◆ Work request ◆
Beginning with the line containing "Teal and mint" and ending at the last line of the data, set down every line exactly, leaving out all pictures.

[Extracted records]

⁂

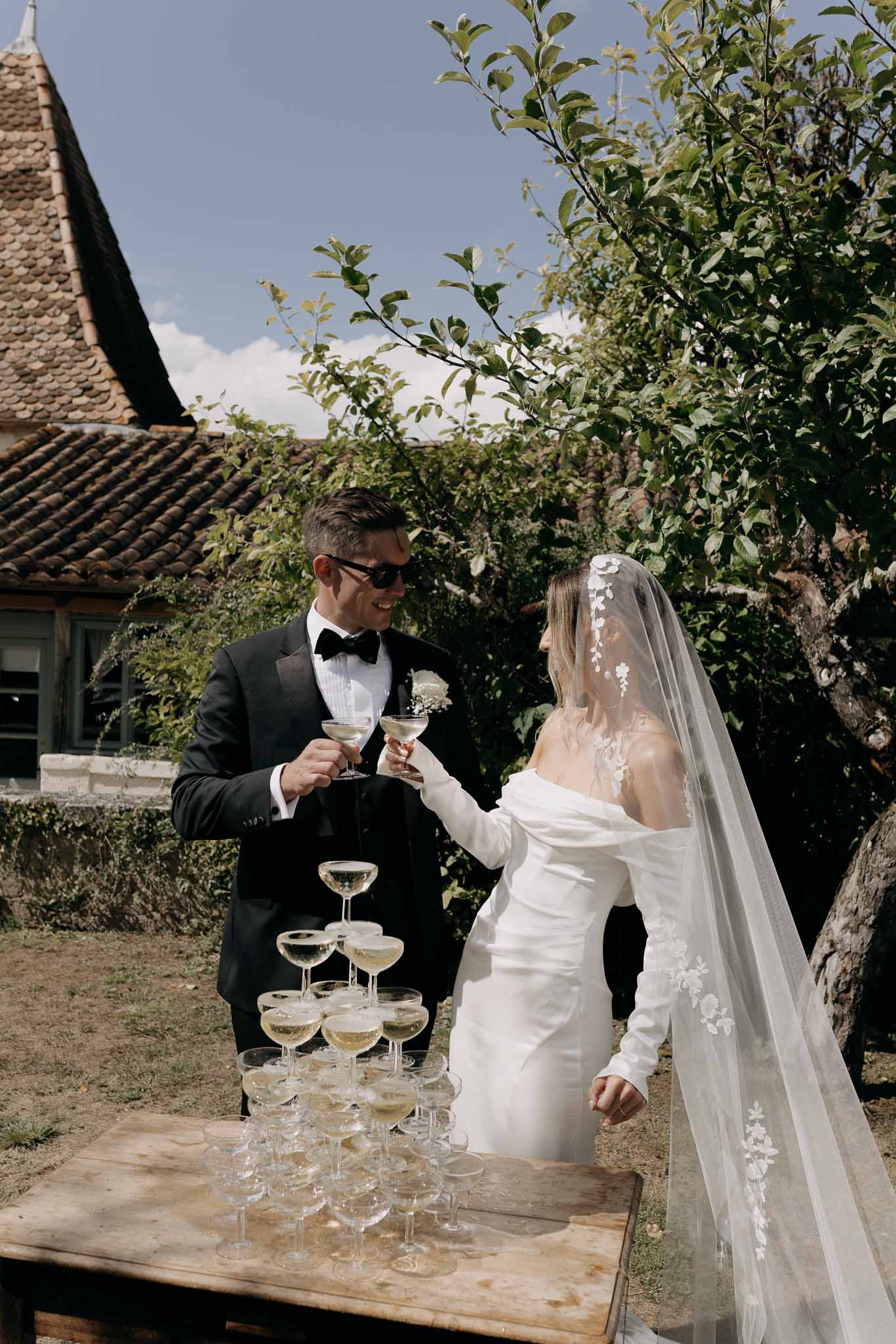 Bride and groom toasting with coupe glasses beside champagne tower at outdoor cocktail hour
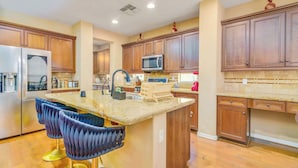 A kitchen with wooden cabinets, a granite countertop, and a stainless steel refrigerator. - Pool, Movie Room, Games, Grill! (Goodyear)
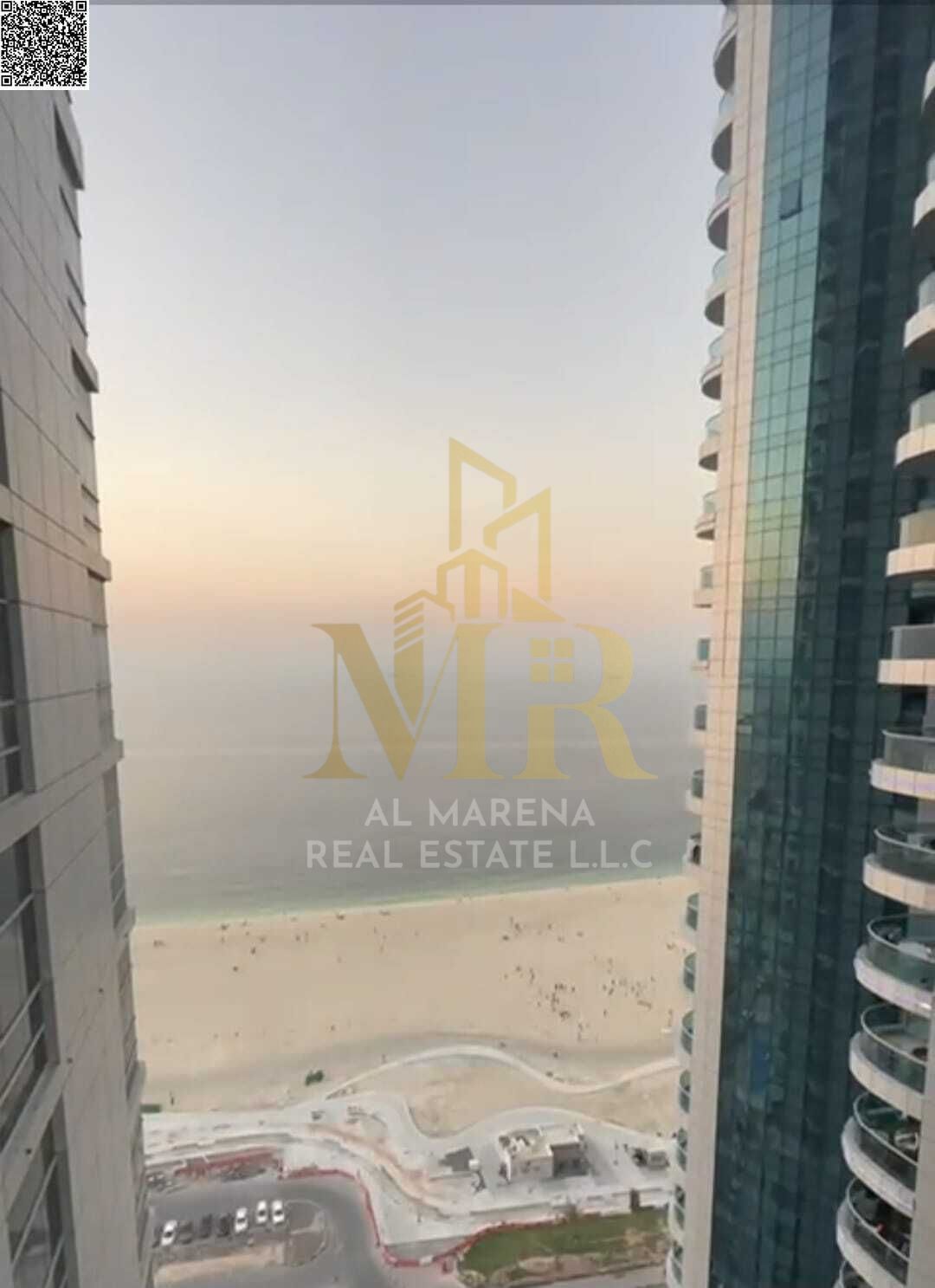 For sale: A luxurious two-bedroom apartment with partial views of Ajman Corniche, in a prestigious location near the sea, featuring an elegant design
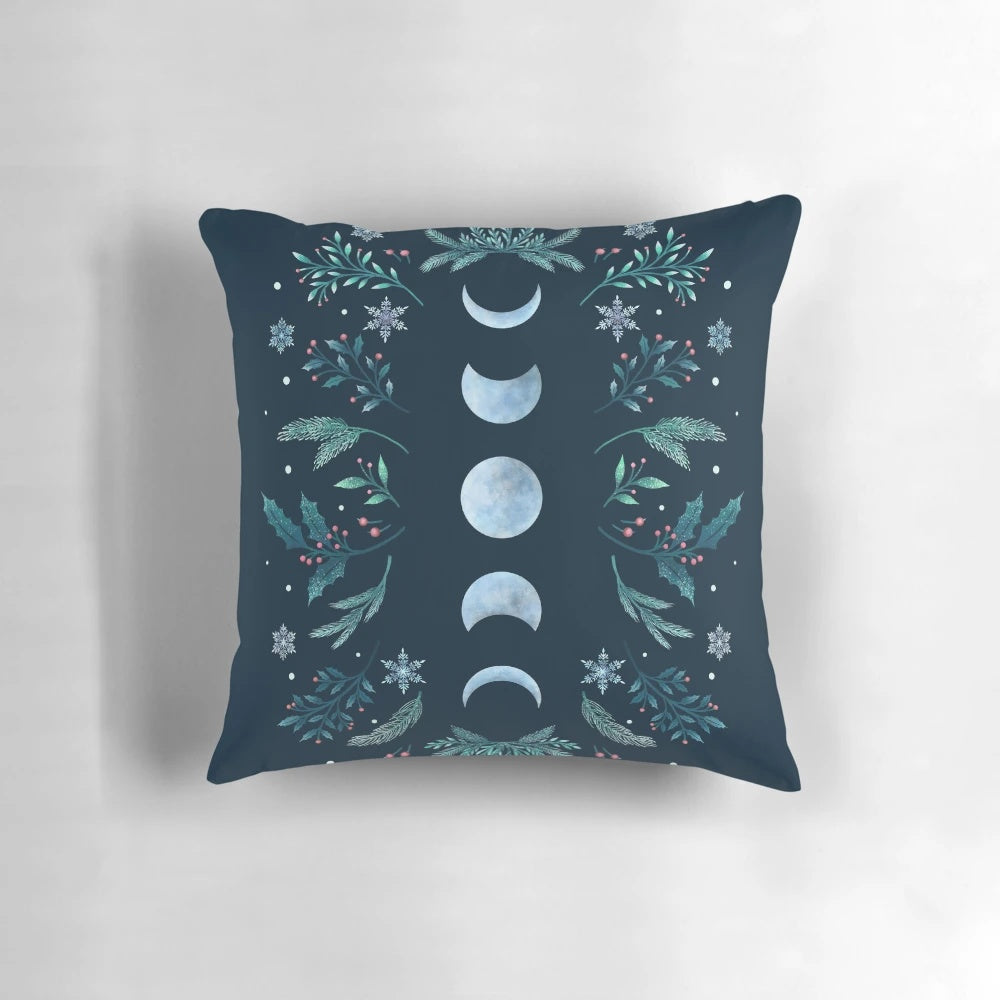 Teal and mint green pillow with a moonlit winter garden scene, featuring snowflakes and a full moon
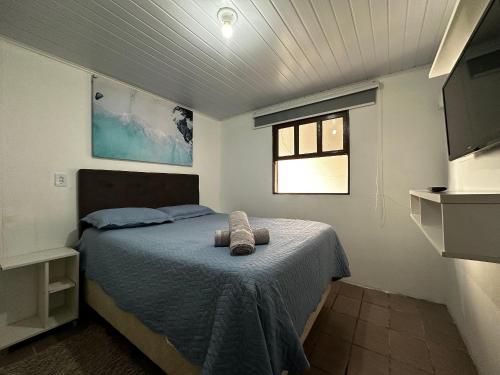 una camera da letto con un letto e una finestra di BS01- Casa com Piscina Aquecida e Churrasqueira a Balneário Barra do Sul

⁂

◆ Result of this task ◆
 Teal and mint green pillow with a moonlit winter garden scene, featuring snowflakes and a full moon
 una camera da letto con un letto e una finestra di BS01- Casa com Piscina Aquecida e Churrasqueira a Balneário Barra do Sul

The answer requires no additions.